The progress seems only a trickle. Soon it might become a flood.
After three years of quiet planning and property acquisition, construction in Laney-Walker and Bethlehem is now poised to take off.
Three more homes are being built on Pine Street and 22 more are planned. At another site -- Holley Street, just off R.A. Dent Boulevard -- new homes also have appeared.
By the end of the year, construction will be under way at five sites, said Chester Wheeler, the director of Augusta's Housing and Community Development Department. The city agency serves as the master developer for revitalization of the two neighborhoods.
"It's exciting to see this kind of development in a neighborhood that, for years, had been abandoned," Wheeler said. "People didn't think it could be accomplished, but we know it can happen. It's a matter of changing the mindset."
The Augusta Commission in 2007 passed a $1-a-night hotel tax, to be split between inner-city revitalization and the new TEE Center's operations. Laney-Walker/Bethlehem revitalization will get $37.5 million over 50 years.
The plan is to buy property and finance re-development at "catalyst" sites, pockets of land visible from the neighborhoods' major corridors.
"You create a critical mass of development, where people can see a number of activities going on. That changes the environment," Wheeler said.
Wheeler projects the $37.5 million the city spends should spark enough interest from the private sector to get a total of $99 million reinvested in Laney-Walker and Bethlehem.
The plan uses multiple strategies.
One is to invest in housing first and commercial properties second, said Jesse Wiles, a consultant for Housing and Community Development.
"There's market potential for Laney-Walker in retail, but it's driven by rooftops," he said. "For example, in the Bethlehem neighborhood, well over 40 percent of properties are abandoned. That's not enough rooftops to attract grocery and convenience stores."
Wiles said 35 percent to 60 percent of houses should be owner-occupied and rents need to reach market rates and be unsubsidized. That tells the market the neighborhood is stable.
"Then, retail will come," he said.
Another strategy is to make inner-city redevelopment easier by removing barriers. Developers like to build on empty land, not hassle with neighborhoods with a multitude of owners and buildings in various stages of disrepair, Wheeler said.
That's why Housing and Community Development focused on purchasing contiguous lots first, Wiles said. A full-time team approached owners all over the country and cleared titles on their properties.
"We had a significant amount of success. Seven out of 10 owners were willing sellers," Wiles said.
The city demolished dilapidated structures, Wheeler said.
It also assists the developers by performing engineering studies, creating design guidelines, providing a marketing campaign for the revitalization project and a brokerage firm to manage sales.
"The developers don't have to deal with things they normally would have to. It's a piece of cake for them now," Wheeler said.
A final strategy is to leverage public dollars to attract private investment.
Housing and Community Development offers low-interest loans to residential and commercial developers for up to 25 percent of construction costs.

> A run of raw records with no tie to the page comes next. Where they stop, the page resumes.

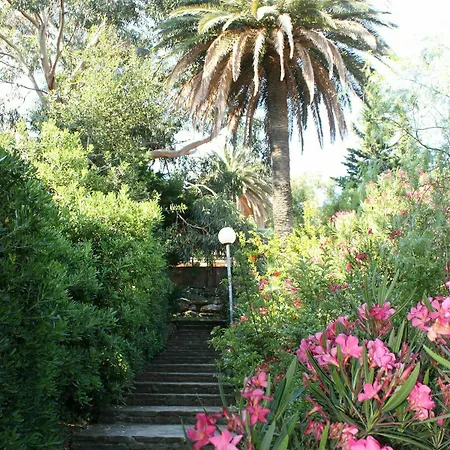 Apartment Club Mmv Le Domaine De La Pinede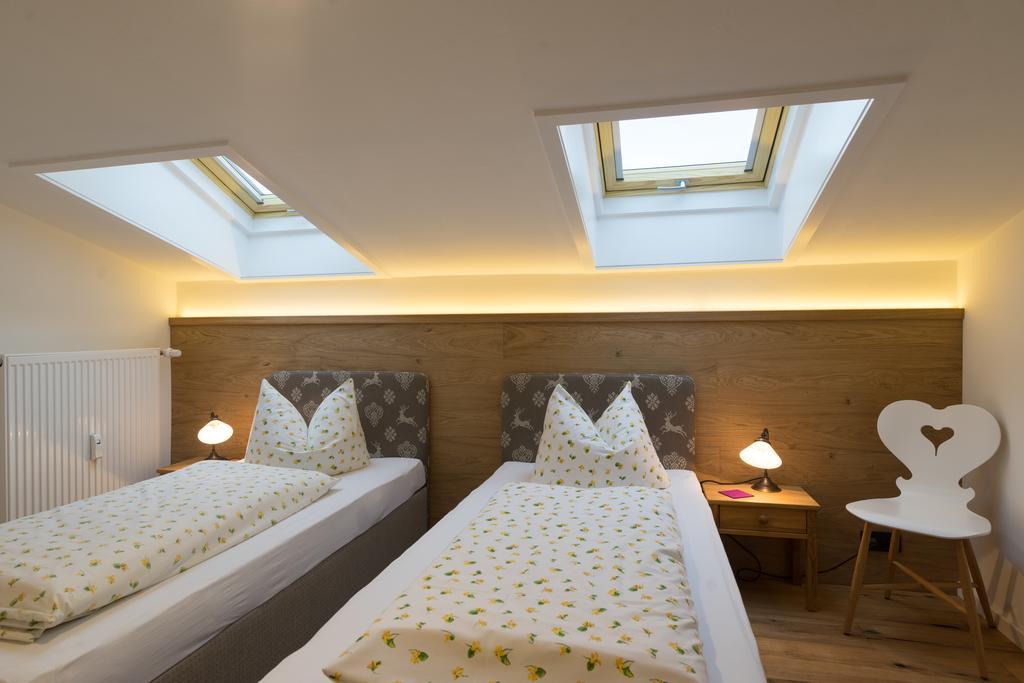 Haus Sonnenhof Apartman Oberstdorf Szoba fotó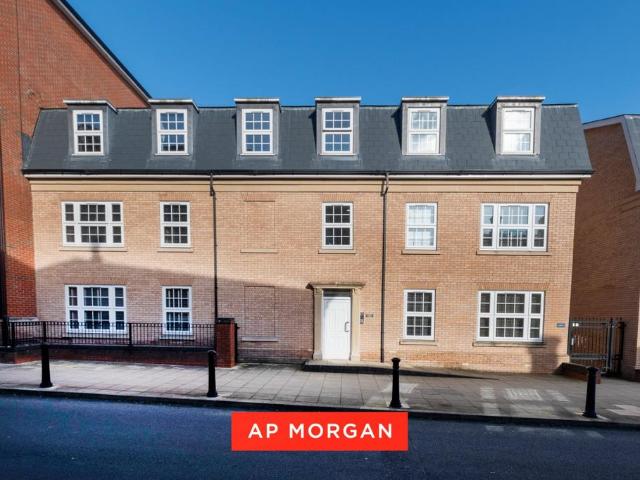 Flat for sale in Dickens Heath, West Midlands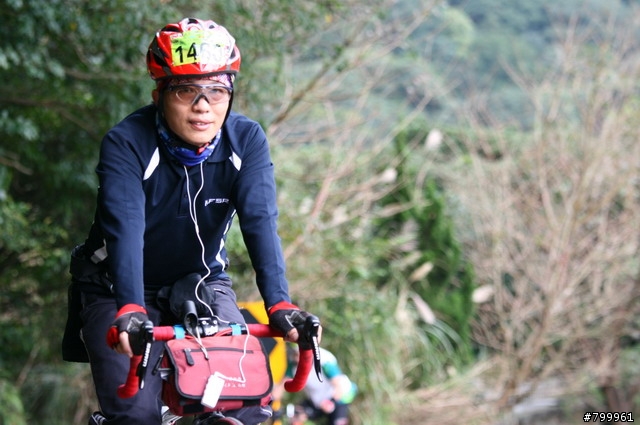 2011/12/04 Never Stop陽明山P字山道照片 (新增483張照片 2011/12/06 11PM)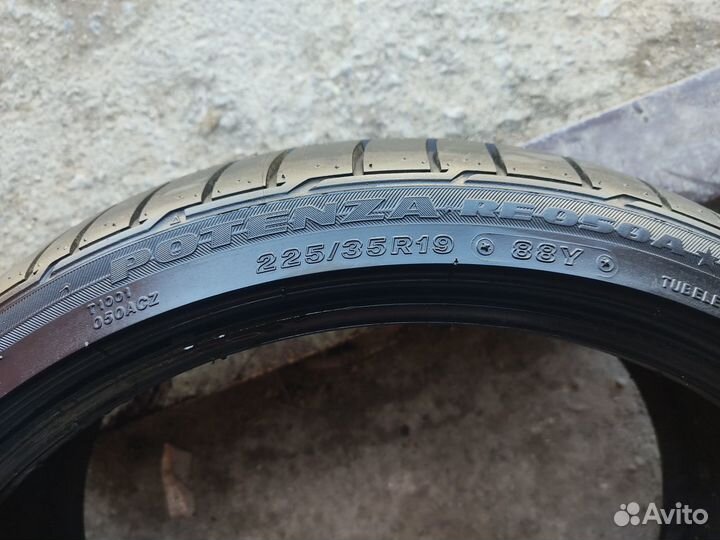 Bridgestone Potenza RE050A 225/35 R19 88Y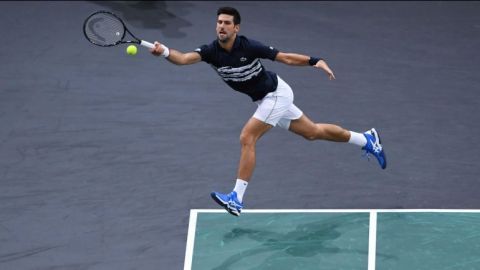 Djokovic aplasta a Tsitsipas en París
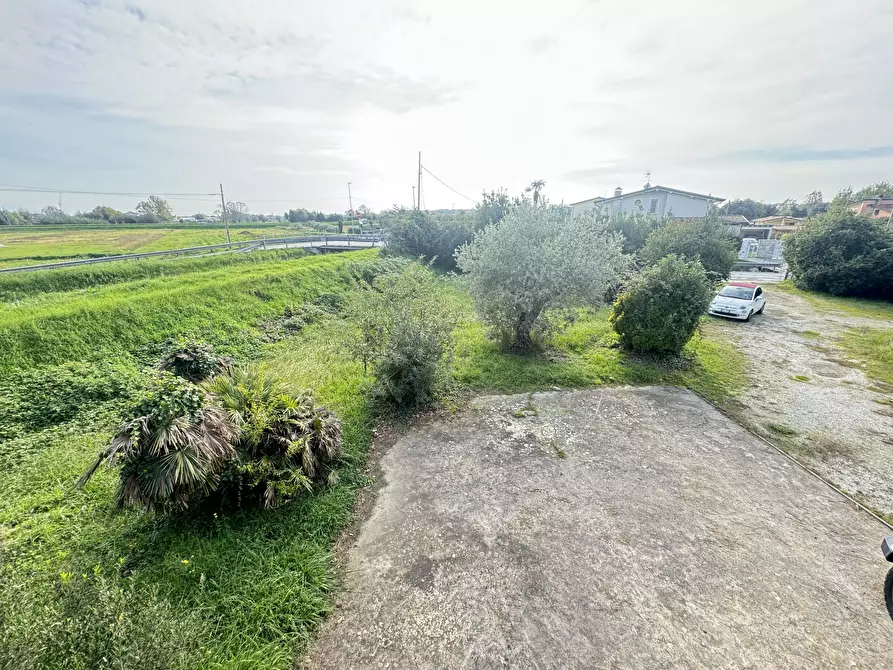 Immagine 30 di Rustico / casale in vendita  a Pietrasanta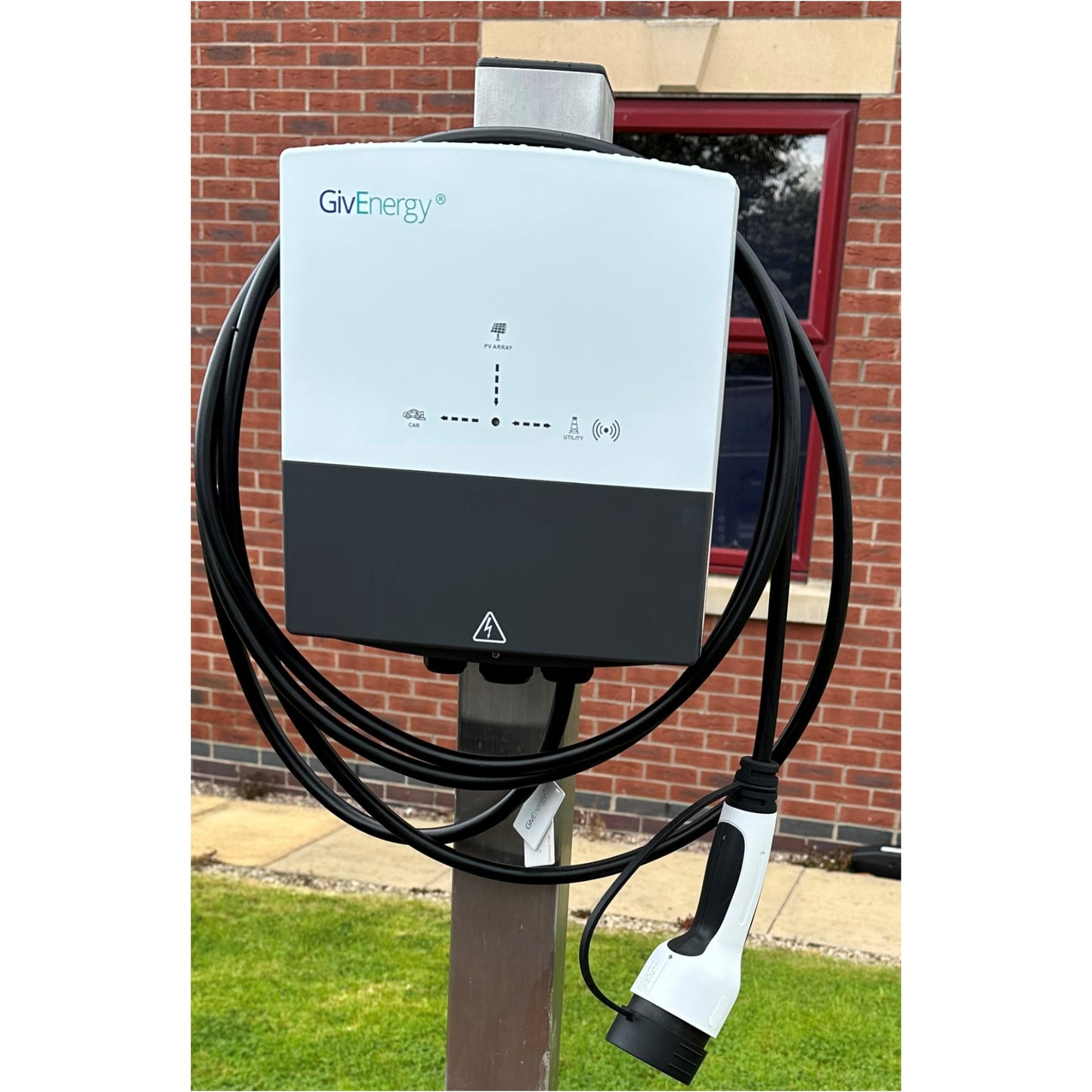 GivEnergy 7kw EV Charger includes cable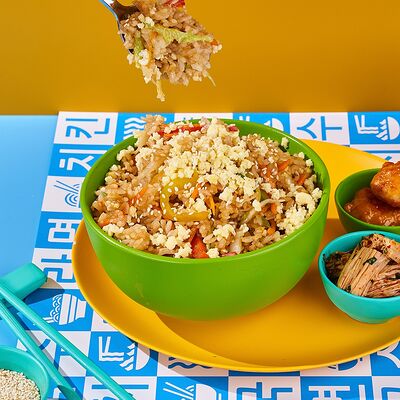 Панчан-сет с рисом и курицей в соусе терияки в Korean Chick по цене 487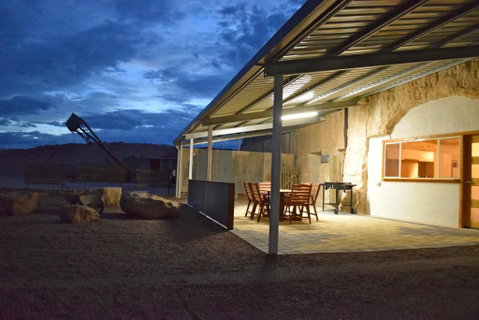 Dug Out B&B - Accommodation Fremantle 0
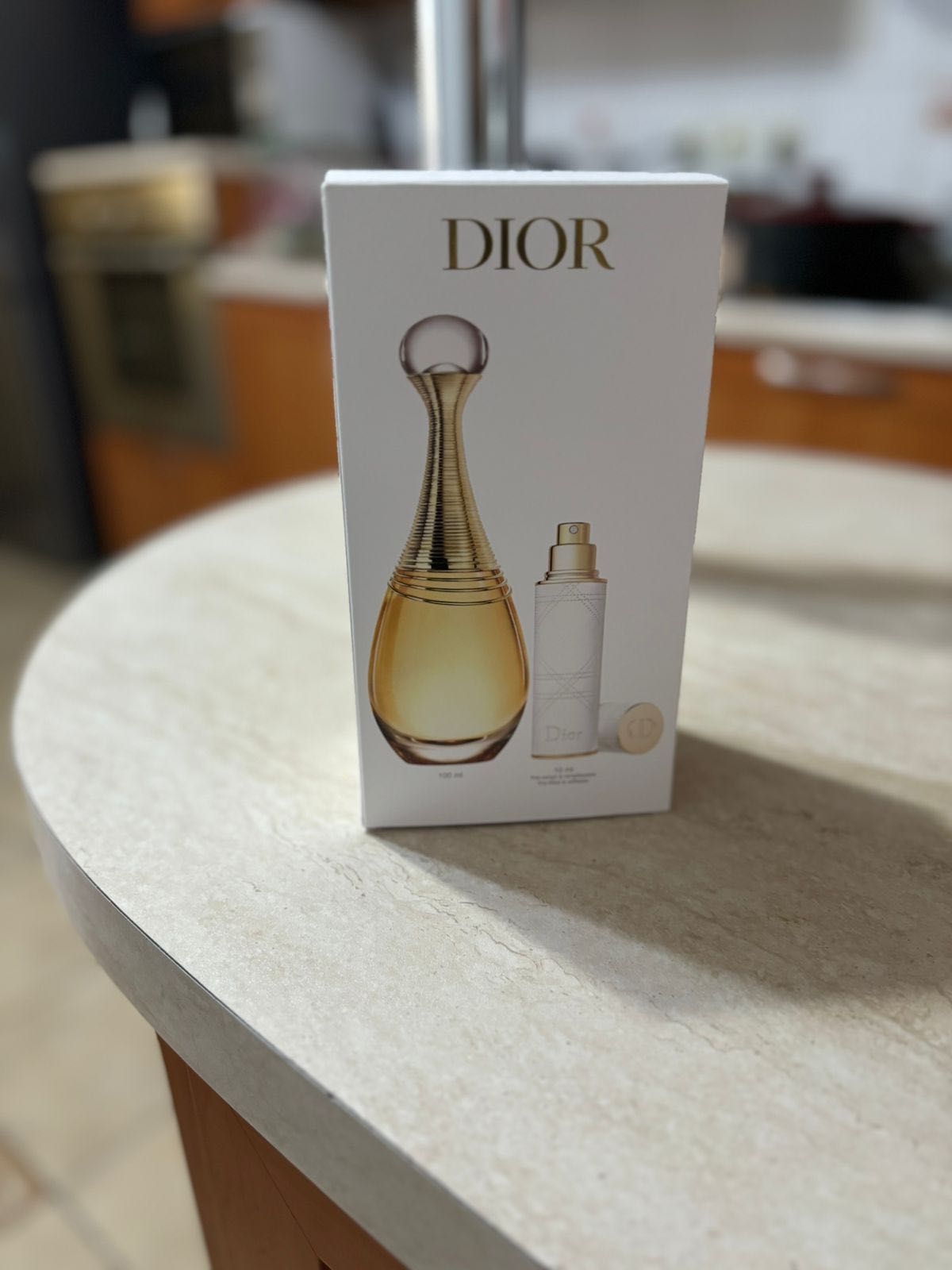 Продам парфюм dior j’adore 100 ml +  подарок оригинал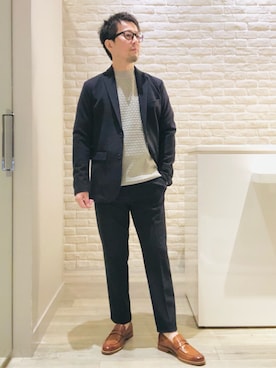 「アイテム（テーラードジャケット、ブルー系）」を使った、片山さん（メンズ・165cm）の秋コーディネート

That can make a project affordable, Wheeler said.
Similar incentives are given to home buyers and also to people who already own a home who want to make repairs. To qualify for a loan, renovators must bring their buildings up to code.
Martin Melaver is a third-generation real estate planner, developer and broker from Savannah and the marketing consultant for the Laney-Walker/Bethlehem project.
"We're in a very tough economy, and these neighborhoods have endured four decades of decline," he said. "That being said, this is about as brilliant a strategy as I've ever seen."
Over 16 million Americans are looking to move back into urban cores, where they can live, work and play in a neighborhood that has a sense of community, Melaver said.
Cities that capitalize on that trend will reap rewards.
Laney-Walker and Bethlehem might be two of Augusta's poorest neighborhoods but, unlike other downtown master plans, theirs is funded.
"We have all the pieces we need to make it happen," he said. "I believe the biggest hurdle is just getting Augustans to believe in it."